Monday, February 26

Google is scanning your Gmail inbox



Google and other companies store massive amounts of your personal data, some that you may not even be aware of.

In fact, Google tracks what you buy and keeps the extensive history compiled on your account. As CNBC recently discovered, a page called “Purchases” shows Google users a list of purchases they’ve made.

The list doesn’t include a complete history of what you’ve bought, though, and only includes purchases that come with a digital receipt sent to your Gmail account. Essentially, Google is mining your inbox to compile this list in one place.

For me, my Purchases page include coffees bought at shops that use Square, food delivery through Grubhub and Seamless, and orders made on Amazon. Google traces back my purchasing history back to 2013, when I was still buying singles off of iTunes.

Google did not immediately respond to Business Insider’s request for comment. However, in a statement to CNBC, a Google spokesperson said the “Purchases” page is private, and isn’t used by Google for purposes like ad targeting.

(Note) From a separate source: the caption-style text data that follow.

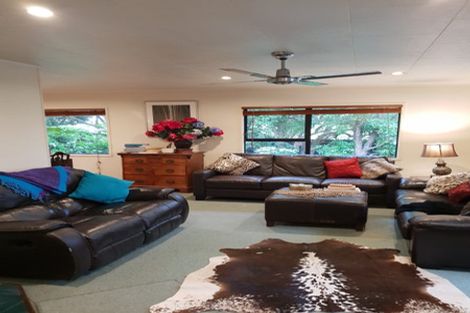 Photo of property in 2 Reseda Place, Papatoetoe, Auckland, 2025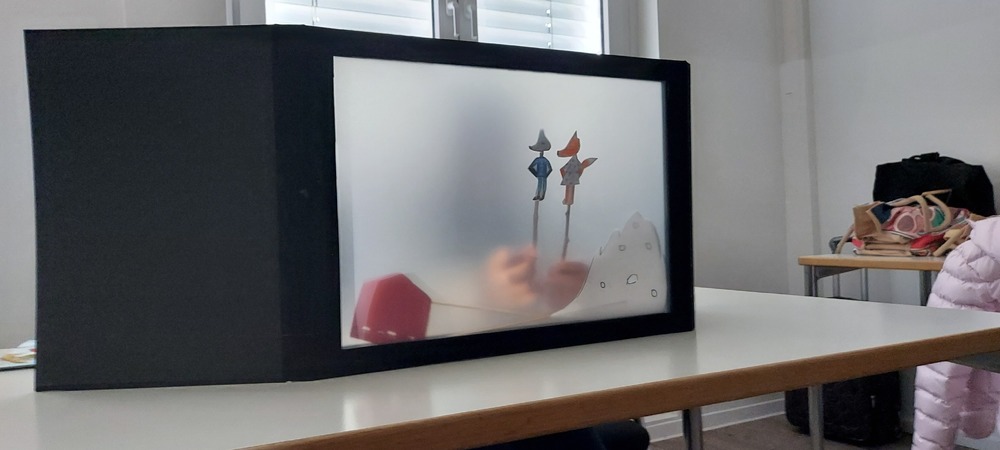 Ученици от Българското неделно училище „Аз Буки Веди” в Кьолн представиха в театър на сенките приказки, истории и басни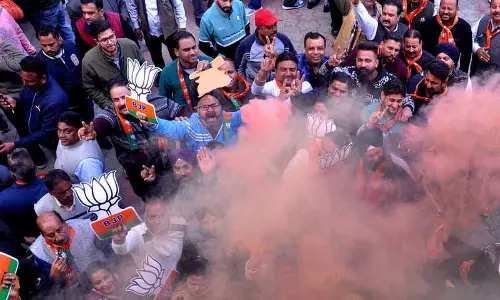 भाजपा की Amritsar इकाई ने दिल्ली चुनाव में जीत का जश्न मनाया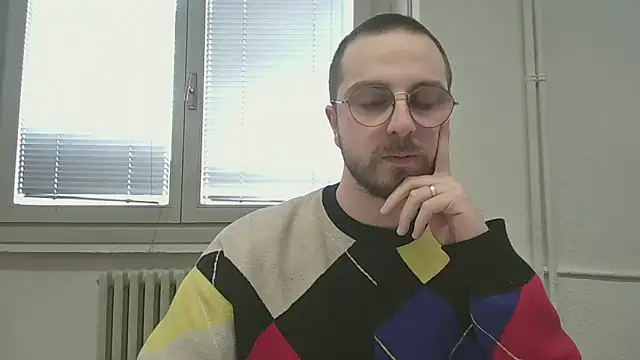 Snapshot of ItalianAlex chatting on April 2026 01:12:02 PM ItalianAlex online show from April 2026 01:12:02 PM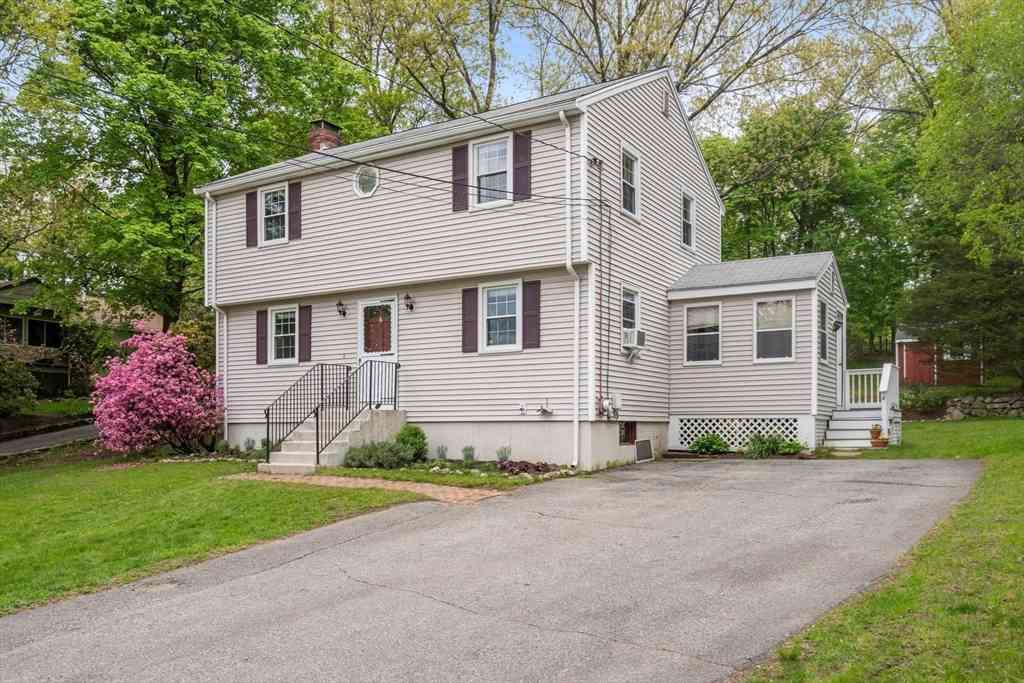 Homes For Sale - 4 Brigham Ct<br/> Natick, MA 01760
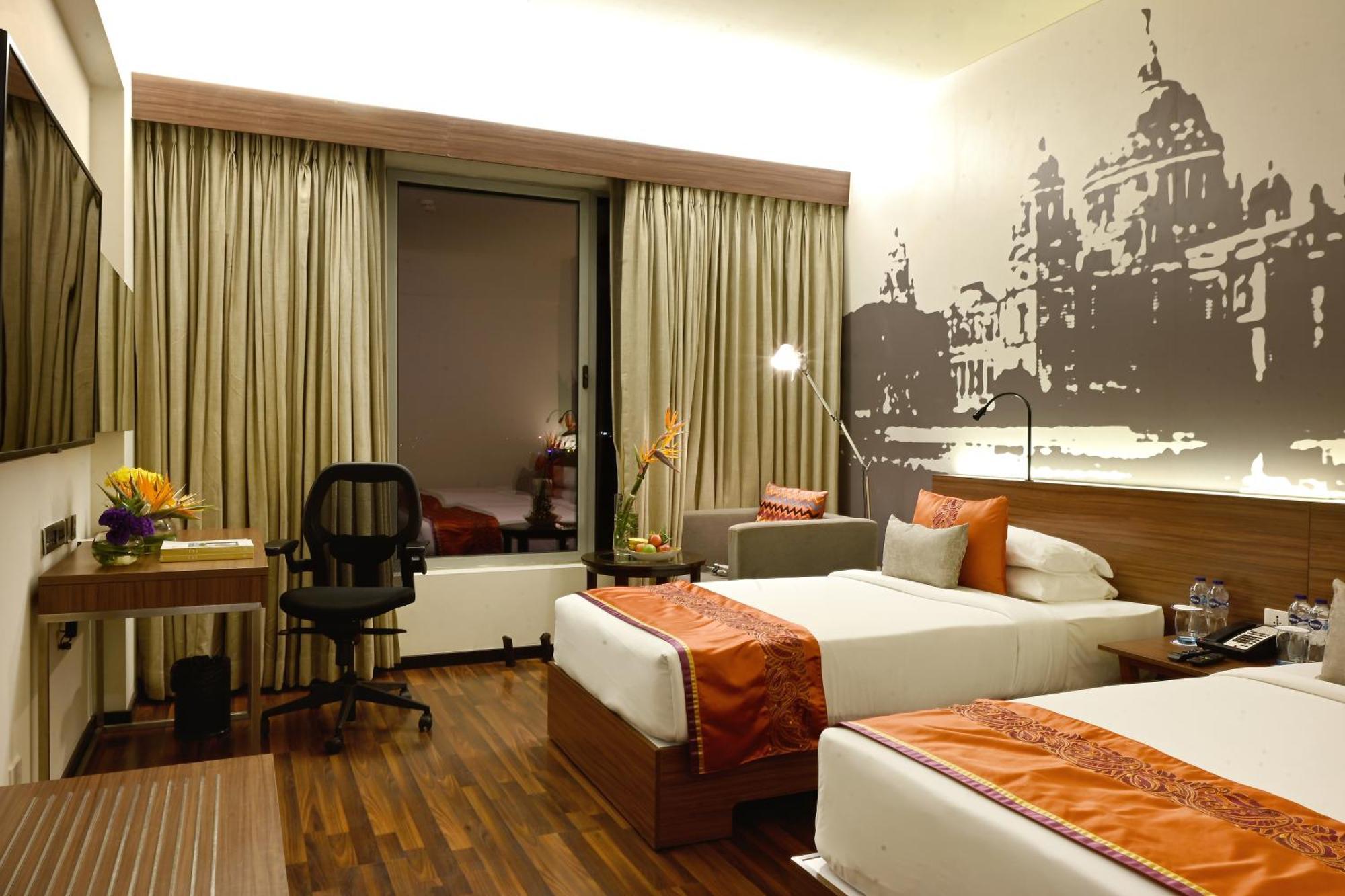 Vivanta Kolkata Em Bypass Exterior photo Deluxe Room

To help you easily view and keep track of your purchases, bookings and subscriptions in one place, we’ve created a private destination that can only be seen by you, the Google spokesperson told CNBC.

We don’t use any information from your Gmail messages to serve you ads, and that includes the email receipts and confirmations shown on the Purchase page.

Google also told CNBC that you can delete this information at any time. While that may be true, Google has made it incredibly difficult to erase your purchasing history. There’s no option on the Purchases page to delete your complete history at once.

Instead, Google says that you have to manually go into each purchase entry, view the emailed receipt in your inbox, and, depending on where you made the purchase, either delete the entry or delete each email.

Additionally, there’s no clear way to stop Google from maintaining this Purchases page and tracking purchases in the future.